__What is required__. The reply should consist of the full listing, written out exactly.

* * *

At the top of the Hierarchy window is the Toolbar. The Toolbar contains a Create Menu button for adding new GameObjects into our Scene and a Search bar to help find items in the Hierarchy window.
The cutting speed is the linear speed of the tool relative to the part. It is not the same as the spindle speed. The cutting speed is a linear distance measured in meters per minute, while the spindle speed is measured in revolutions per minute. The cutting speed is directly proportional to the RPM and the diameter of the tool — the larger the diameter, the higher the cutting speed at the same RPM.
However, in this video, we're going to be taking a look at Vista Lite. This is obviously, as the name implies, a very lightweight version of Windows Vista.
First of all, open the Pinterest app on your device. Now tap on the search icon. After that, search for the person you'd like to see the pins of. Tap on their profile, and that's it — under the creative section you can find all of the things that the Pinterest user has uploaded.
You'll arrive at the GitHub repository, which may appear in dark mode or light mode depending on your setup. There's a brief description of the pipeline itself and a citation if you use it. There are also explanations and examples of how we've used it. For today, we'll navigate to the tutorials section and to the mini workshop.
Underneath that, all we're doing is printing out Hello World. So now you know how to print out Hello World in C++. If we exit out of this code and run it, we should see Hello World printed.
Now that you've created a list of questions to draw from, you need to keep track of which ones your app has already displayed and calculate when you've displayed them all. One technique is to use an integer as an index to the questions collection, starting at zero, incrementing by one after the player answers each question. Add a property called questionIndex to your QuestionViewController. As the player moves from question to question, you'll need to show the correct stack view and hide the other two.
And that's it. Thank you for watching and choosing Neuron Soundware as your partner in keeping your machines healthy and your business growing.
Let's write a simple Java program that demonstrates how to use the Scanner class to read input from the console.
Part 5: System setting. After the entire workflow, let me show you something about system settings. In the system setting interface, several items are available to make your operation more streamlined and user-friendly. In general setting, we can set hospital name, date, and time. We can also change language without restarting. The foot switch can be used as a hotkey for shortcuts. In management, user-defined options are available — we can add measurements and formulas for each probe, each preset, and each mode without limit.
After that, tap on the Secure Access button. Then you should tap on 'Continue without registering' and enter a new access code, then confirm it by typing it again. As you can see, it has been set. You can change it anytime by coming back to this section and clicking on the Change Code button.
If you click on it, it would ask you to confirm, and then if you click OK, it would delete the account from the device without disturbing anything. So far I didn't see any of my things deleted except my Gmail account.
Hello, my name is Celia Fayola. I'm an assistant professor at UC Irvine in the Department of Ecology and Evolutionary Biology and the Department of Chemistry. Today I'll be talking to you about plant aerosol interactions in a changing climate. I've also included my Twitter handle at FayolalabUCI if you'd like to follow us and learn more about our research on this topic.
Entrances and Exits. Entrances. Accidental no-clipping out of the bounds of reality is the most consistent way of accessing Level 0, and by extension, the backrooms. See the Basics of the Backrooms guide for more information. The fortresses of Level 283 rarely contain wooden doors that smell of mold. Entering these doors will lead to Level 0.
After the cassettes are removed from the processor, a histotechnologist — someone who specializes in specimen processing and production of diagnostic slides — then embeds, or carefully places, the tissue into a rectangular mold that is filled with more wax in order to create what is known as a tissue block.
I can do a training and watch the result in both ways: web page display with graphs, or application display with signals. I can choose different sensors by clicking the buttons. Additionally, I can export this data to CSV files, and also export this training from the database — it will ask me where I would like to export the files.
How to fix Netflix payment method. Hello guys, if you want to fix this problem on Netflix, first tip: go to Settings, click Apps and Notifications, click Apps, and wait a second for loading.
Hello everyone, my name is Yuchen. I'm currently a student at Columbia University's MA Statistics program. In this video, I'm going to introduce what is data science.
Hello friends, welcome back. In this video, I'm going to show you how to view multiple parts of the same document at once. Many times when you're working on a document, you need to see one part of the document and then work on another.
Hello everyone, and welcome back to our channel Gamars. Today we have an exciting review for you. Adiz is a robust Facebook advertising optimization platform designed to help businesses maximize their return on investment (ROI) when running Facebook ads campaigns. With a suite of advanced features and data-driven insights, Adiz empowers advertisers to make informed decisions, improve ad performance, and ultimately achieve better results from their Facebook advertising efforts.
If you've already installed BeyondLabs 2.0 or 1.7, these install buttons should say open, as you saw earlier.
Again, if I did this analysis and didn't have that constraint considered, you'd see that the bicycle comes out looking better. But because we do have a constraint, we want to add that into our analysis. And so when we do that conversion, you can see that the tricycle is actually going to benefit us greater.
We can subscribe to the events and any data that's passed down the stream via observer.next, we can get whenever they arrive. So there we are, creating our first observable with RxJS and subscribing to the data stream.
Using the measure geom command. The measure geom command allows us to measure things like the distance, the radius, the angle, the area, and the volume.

* * *

__Written reply__.
At the top of the Hierarchy window is the Toolbar. The Toolbar contains a Create Menu button for adding new GameObjects into our Scene and a Search bar to help find items in the Hierarchy window.
The cutting speed is the linear speed of the tool relative to the part. It is not the same as the spindle speed. The cutting speed is a linear distance measured in meters per minute, while the spindle speed is measured in revolutions per minute. The cutting speed is directly proportional to the RPM and the diameter of the tool — the larger the diameter, the higher the cutting speed at the same RPM.
However, in this video, we're going to be taking a look at Vista Lite. This is obviously, as the name implies, a very lightweight version of Windows Vista.
First of all, open the Pinterest app on your device. Now tap on the search icon. After that, search for the person you'd like to see the pins of. Tap on their profile, and that's it — under the creative section you can find all of the things that the Pinterest user has uploaded.
You'll arrive at the GitHub repository, which may appear in dark mode or light mode depending on your setup. There's a brief description of the pipeline itself and a citation if you use it. There are also explanations and examples of how we've used it. For today, we'll navigate to the tutorials section and to the mini workshop.
Underneath that, all we're doing is printing out Hello World. So now you know how to print out Hello World in C++. If we exit out of this code and run it, we should see Hello World printed.
Now that you've created a list of questions to draw from, you need to keep track of which ones your app has already displayed and calculate when you've displayed them all. One technique is to use an integer as an index to the questions collection, starting at zero, incrementing by one after the player answers each question. Add a property called questionIndex to your QuestionViewController. As the player moves from question to question, you'll need to show the correct stack view and hide the other two.
And that's it. Thank you for watching and choosing Neuron Soundware as your partner in keeping your machines healthy and your business growing.
Let's write a simple Java program that demonstrates how to use the Scanner class to read input from the console.
Part 5: System setting. After the entire workflow, let me show you something about system settings. In the system setting interface, several items are available to make your operation more streamlined and user-friendly. In general setting, we can set hospital name, date, and time. We can also change language without restarting. The foot switch can be used as a hotkey for shortcuts. In management, user-defined options are available — we can add measurements and formulas for each probe, each preset, and each mode without limit.
After that, tap on the Secure Access button. Then you should tap on 'Continue without registering' and enter a new access code, then confirm it by typing it again. As you can see, it has been set. You can change it anytime by coming back to this section and clicking on the Change Code button.
If you click on it, it would ask you to confirm, and then if you click OK, it would delete the account from the device without disturbing anything. So far I didn't see any of my things deleted except my Gmail account.
Hello, my name is Celia Fayola. I'm an assistant professor at UC Irvine in the Department of Ecology and Evolutionary Biology and the Department of Chemistry. Today I'll be talking to you about plant aerosol interactions in a changing climate. I've also included my Twitter handle at FayolalabUCI if you'd like to follow us and learn more about our research on this topic.
Entrances and Exits. Entrances. Accidental no-clipping out of the bounds of reality is the most consistent way of accessing Level 0, and by extension, the backrooms. See the Basics of the Backrooms guide for more information. The fortresses of Level 283 rarely contain wooden doors that smell of mold. Entering these doors will lead to Level 0.
After the cassettes are removed from the processor, a histotechnologist — someone who specializes in specimen processing and production of diagnostic slides — then embeds, or carefully places, the tissue into a rectangular mold that is filled with more wax in order to create what is known as a tissue block.
I can do a training and watch the result in both ways: web page display with graphs, or application display with signals. I can choose different sensors by clicking the buttons. Additionally, I can export this data to CSV files, and also export this training from the database — it will ask me where I would like to export the files.
How to fix Netflix payment method. Hello guys, if you want to fix this problem on Netflix, first tip: go to Settings, click Apps and Notifications, click Apps, and wait a second for loading.
Hello everyone, my name is Yuchen. I'm currently a student at Columbia University's MA Statistics program. In this video, I'm going to introduce what is data science.
Hello friends, welcome back. In this video, I'm going to show you how to view multiple parts of the same document at once. Many times when you're working on a document, you need to see one part of the document and then work on another.
Hello everyone, and welcome back to our channel Gamars. Today we have an exciting review for you. Adiz is a robust Facebook advertising optimization platform designed to help businesses maximize their return on investment (ROI) when running Facebook ads campaigns. With a suite of advanced features and data-driven insights, Adiz empowers advertisers to make informed decisions, improve ad performance, and ultimately achieve better results from their Facebook advertising efforts.
If you've already installed BeyondLabs 2.0 or 1.7, these install buttons should say open, as you saw earlier.
Again, if I did this analysis and didn't have that constraint considered, you'd see that the bicycle comes out looking better. But because we do have a constraint, we want to add that into our analysis. And so when we do that conversion, you can see that the tricycle is actually going to benefit us greater.
We can subscribe to the events and any data that's passed down the stream via observer.next, we can get whenever they arrive. So there we are, creating our first observable with RxJS and subscribing to the data stream.
Using the measure geom command. The measure geom command allows us to measure things like the distance, the radius, the angle, the area, and the volume.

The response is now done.